'Flying chameleon' simulates future flying wing aircraft
"Flying wing" designs that offer reduced weight and drag when compared to traditional "tube with wings and a tail" designs are theoretically the most efficient aircraft configuration. However, true flying wings are inherently unstable and difficult to control. To aid in the design of future aircraft that utilize such a design, researchers at the German Aerospace Center (DLR) have been performing tests to study the flight characteristics of large flying wing configurations using what has been dubbed a flying "chameleon". The DLR's Advanced Technologies Testing Aircraft System (ATTAS) research aircraft resembles a conventional small passenger aircraft, but it has been fitted with special hardware and software to give it the flight characteristics and performance of an entirely different aircraft.
In addition to conventional mechanical flight controls, ATTAS is also equipped with an electrical flight system that allows the researchers to alter the aircraft's flight characteristics. As well as being able to simulate conventional airplanes, ATTAS is also capable of simulating entirely different aircraft designs.

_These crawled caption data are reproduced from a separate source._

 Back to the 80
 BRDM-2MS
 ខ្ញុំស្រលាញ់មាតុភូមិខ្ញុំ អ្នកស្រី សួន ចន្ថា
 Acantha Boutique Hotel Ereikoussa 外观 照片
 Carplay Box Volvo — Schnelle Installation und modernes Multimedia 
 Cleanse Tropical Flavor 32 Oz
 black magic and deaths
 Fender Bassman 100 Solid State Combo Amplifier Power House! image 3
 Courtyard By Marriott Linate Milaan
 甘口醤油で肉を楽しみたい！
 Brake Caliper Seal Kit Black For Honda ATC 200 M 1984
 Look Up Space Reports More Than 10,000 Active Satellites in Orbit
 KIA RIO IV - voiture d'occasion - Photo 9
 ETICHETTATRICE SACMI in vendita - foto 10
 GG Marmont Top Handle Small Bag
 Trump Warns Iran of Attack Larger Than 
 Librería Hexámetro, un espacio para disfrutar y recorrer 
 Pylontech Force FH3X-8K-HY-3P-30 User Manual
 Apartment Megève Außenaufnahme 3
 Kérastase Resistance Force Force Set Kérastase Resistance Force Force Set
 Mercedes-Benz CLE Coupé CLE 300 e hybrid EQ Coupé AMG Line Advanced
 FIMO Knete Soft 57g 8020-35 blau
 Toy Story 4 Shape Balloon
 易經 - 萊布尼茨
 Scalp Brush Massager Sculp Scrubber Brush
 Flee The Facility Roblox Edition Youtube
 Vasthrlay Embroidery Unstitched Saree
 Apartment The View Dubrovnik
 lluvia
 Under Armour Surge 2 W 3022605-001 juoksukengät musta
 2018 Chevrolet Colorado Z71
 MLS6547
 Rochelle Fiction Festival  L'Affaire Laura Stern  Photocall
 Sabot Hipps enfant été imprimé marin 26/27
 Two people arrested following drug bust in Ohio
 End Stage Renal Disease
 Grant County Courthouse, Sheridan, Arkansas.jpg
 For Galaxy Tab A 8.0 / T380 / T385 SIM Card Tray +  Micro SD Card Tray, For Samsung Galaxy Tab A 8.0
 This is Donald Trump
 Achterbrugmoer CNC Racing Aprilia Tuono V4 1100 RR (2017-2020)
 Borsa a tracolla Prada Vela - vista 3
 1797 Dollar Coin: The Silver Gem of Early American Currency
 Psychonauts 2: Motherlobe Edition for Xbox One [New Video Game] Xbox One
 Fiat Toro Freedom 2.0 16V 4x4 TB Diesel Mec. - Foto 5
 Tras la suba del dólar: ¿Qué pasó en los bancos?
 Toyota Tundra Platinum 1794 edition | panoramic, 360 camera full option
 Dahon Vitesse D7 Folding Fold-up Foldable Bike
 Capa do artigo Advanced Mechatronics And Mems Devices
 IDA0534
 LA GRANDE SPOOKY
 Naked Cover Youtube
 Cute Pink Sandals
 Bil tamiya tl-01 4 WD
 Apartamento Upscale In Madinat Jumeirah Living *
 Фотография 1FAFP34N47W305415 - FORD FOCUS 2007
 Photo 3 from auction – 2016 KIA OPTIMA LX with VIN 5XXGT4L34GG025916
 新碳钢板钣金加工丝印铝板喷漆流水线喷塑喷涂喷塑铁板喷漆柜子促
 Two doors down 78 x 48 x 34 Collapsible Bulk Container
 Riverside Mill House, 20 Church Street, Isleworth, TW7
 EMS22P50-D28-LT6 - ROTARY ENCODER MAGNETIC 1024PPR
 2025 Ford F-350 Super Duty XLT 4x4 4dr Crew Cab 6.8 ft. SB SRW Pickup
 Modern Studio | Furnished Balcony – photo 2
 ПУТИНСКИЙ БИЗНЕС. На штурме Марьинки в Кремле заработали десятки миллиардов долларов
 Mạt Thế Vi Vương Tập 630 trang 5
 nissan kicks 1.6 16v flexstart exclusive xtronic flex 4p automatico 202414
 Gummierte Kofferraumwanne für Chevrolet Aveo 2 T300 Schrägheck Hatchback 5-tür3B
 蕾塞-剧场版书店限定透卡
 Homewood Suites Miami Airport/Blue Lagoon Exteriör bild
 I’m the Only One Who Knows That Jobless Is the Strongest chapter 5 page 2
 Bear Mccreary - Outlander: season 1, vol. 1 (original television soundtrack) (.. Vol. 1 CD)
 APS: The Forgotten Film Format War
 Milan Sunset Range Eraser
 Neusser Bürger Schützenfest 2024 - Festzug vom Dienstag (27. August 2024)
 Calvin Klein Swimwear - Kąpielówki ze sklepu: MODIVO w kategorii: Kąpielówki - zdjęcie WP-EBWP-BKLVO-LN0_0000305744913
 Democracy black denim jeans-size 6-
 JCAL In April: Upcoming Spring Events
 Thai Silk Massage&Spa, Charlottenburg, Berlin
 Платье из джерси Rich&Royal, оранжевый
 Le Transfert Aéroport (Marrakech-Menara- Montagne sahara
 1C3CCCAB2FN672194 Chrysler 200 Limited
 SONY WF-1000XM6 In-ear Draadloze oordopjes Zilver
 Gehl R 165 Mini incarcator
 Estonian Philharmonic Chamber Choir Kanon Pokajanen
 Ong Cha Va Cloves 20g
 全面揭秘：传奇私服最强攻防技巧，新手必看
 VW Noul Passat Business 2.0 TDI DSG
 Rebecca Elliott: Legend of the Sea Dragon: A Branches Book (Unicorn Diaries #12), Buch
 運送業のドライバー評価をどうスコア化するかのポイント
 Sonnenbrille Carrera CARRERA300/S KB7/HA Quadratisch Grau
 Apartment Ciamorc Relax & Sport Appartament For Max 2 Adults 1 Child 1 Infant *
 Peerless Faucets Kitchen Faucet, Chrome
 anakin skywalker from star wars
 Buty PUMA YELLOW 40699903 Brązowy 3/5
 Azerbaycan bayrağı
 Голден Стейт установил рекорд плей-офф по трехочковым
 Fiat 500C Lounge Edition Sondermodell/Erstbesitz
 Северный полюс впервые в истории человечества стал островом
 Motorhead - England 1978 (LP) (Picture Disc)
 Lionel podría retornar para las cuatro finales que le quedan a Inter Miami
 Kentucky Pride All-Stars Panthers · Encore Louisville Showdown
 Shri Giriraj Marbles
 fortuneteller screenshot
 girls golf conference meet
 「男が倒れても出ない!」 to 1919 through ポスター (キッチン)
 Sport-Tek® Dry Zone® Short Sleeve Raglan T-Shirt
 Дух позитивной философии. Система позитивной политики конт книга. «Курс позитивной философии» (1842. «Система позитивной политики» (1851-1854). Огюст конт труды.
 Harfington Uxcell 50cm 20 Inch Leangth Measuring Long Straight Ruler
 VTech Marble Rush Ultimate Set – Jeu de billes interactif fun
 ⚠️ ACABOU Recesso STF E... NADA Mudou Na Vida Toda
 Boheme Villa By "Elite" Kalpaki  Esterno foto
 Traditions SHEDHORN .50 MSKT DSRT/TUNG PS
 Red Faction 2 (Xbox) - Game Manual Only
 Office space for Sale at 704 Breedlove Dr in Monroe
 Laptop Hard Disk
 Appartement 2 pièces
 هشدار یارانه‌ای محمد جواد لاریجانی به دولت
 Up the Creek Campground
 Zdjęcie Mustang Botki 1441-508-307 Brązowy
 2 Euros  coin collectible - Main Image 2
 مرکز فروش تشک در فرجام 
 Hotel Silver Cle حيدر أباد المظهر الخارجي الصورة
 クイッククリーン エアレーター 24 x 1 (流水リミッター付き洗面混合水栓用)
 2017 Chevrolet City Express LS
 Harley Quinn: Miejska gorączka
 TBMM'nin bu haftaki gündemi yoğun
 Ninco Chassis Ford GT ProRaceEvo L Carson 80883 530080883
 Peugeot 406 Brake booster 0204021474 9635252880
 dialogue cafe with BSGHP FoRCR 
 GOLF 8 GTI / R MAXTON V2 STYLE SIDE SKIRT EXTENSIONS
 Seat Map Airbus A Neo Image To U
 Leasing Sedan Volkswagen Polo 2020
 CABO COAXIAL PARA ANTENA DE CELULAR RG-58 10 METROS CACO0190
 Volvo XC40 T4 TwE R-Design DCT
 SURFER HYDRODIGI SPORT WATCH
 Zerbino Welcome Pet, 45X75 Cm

Although ATTAS consists of a cylindrical fuselage with wings and a tail unit, the DKR researchers have been using the craft to carry out flight tests that simulate a flying wing model developed as part of the EU project NACRE (New Aircraft Concepts Research).
"With its special control technology, ATTAS can behave like other aircraft while in the air," explains Dirk Leibling, a researcher at the DLR Institute of Flight Systems. "This gives us the opportunity to simulate aircraft that do not even exist yet, and to see where we still need to make improvements."
The simulated aircraft consists of a triangular fuselage with two vertical stabilizers at the tail that are tilted slightly outwards to replace the conventional tail fin/rudder and tailplane/elevator combination. There are also four engines under the additional wing area and a wide body designed to accommodate up to 750 passengers on long-haul flights. The simulated flying wing boasts a wingspan of nearly 100 m (328 ft), length of 65 m (213 ft) and maximum take-off weight of roughly 700 tons. Together, its four engines provide a maximum thrust of 1,425 kilonewtons.
During the flight tests to explore the flight characteristics of the flying wing design the DLR team examined individual maneuvers, such as varying the aircraft's altitude and using a simulated instrument landing system to test approaches on a virtual runway. Evaluations of the flying wing's handling characteristics were carried out after each maneuver, which confirmed that the flying wing aircraft is difficult to control due to its unusual shape. However, DLR says that the introduction of an additional DLR-developed control system that initiated appropriate counter-measures was able to prevent the aircraft from responding adversely to pilot inputs.
"The flight test confirmed our assumptions," said Leibling about the results. "There is a limit to handling a modern, completely uniquely-shaped aircraft without coordinated flight control laws. We can only achieve the flight characteristics we want by using appropriate computer and control technology."
ATTAS has been in service for 25 years and by working its simulated, shape-shifting magic during a real test flight, the DLR team says the aircraft has allowed it to confirm in a 'tangible' way the preliminary results of theoretical investigations. So, with its special capabilities, the 25 year-old ATTAS could be paving the way for the passenger aircraft of tomorrow.